Hi guys, so in this lecture I wanted to talk about speed in Python. Now, as beginners I want to emphasize that you guys should be focusing on writing correct programs and not pay too much mind to how fast they run. But with that said I do think that thinking about the speed of code can actually be fun; its problem solving and a challenge.
The 'joy of fast cars' is a somewhat cryptic title, but the explanation of it is fairly straight-forward; one of the things I find a lot of fun is trying to make my code more efficient; I genuinely enjoy the process of taking a bit of code and trying to come up with ways to make it faster. In my mind programming is at its most interesting when you can can look past stuff like language syntax and instead focus of the very nature of the problem itself. The aim of today is to try to get you a glimpse of that.
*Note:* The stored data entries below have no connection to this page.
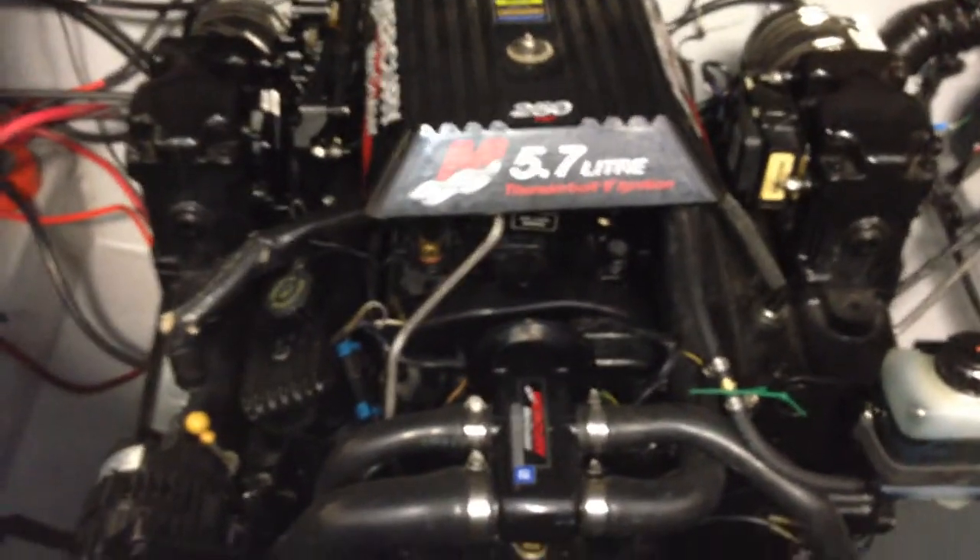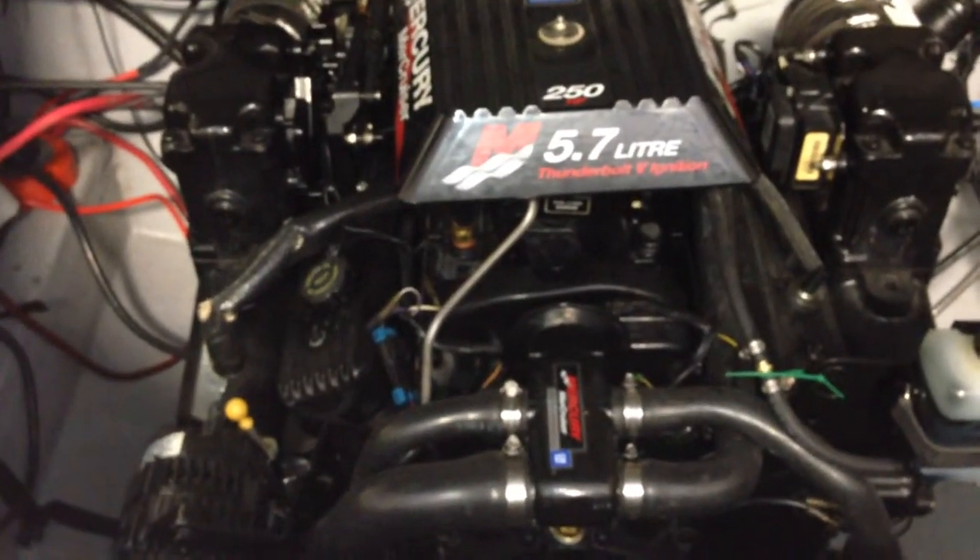I'm going to go ahead and open the engine compartment for you. It's in great shape — 250 horsepower, 5.7 liter. The build is extremely clean. Tabs pump, dual battery with switch. Belts are great, alternator looks good. Gas-assisted lift cylinder. Some storage under here.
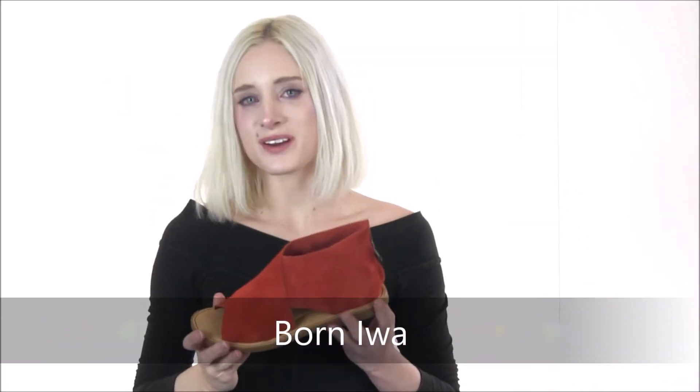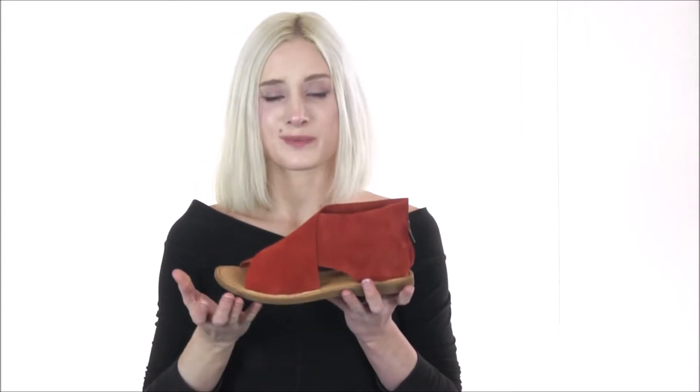Hey shoe shoppers! It's Flo here from Dodge Shoe Company showing you the Ewa Sandal from Born. This is a gorgeous bohemian sandal that will pair perfectly with any outfit and is built for all-day comfort.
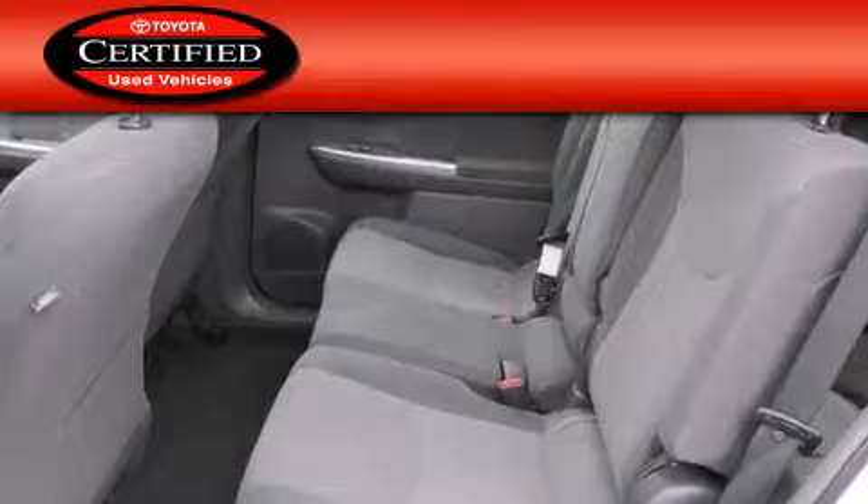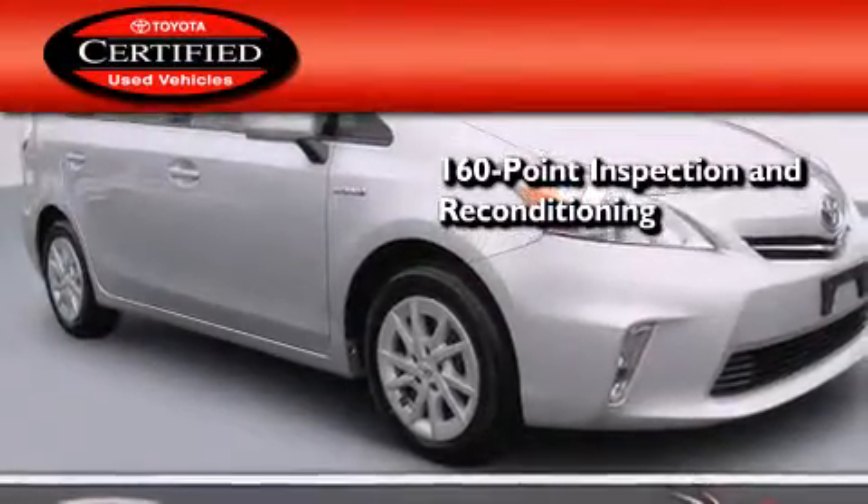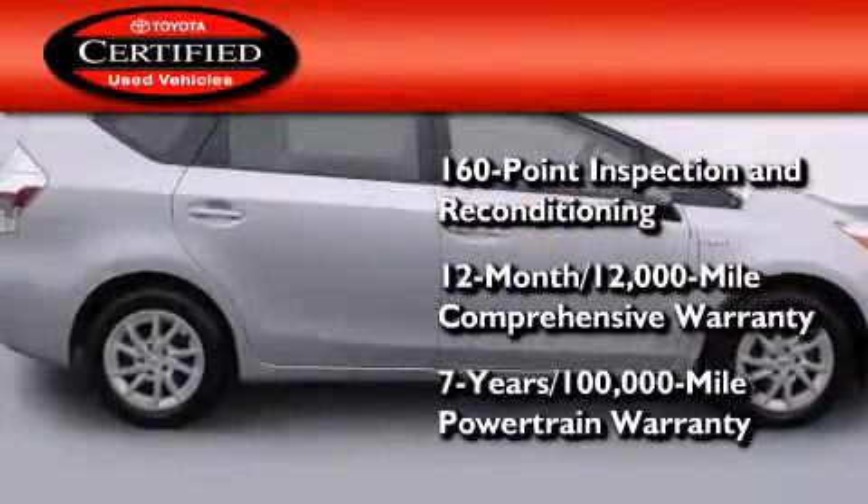Toyota's certification includes a 160-point inspection and an extensive reconditioning process, plus a 12-month, 12,000-mile comprehensive warranty and a seven-year, 100,000-mile powertrain warranty.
The problem we shall be looking at today is the following:
How can we list all of the prime numbers from 0 to N?
Lets start the process by spliting the process into two parts; first, we need a way of knowing if a number is prime or not. And once we have that, we need to check all the numbers 0 to N.
In [2]:
# Attempt 1
def is_prime(num):
"""Returns True if number is prime, False otherwise"""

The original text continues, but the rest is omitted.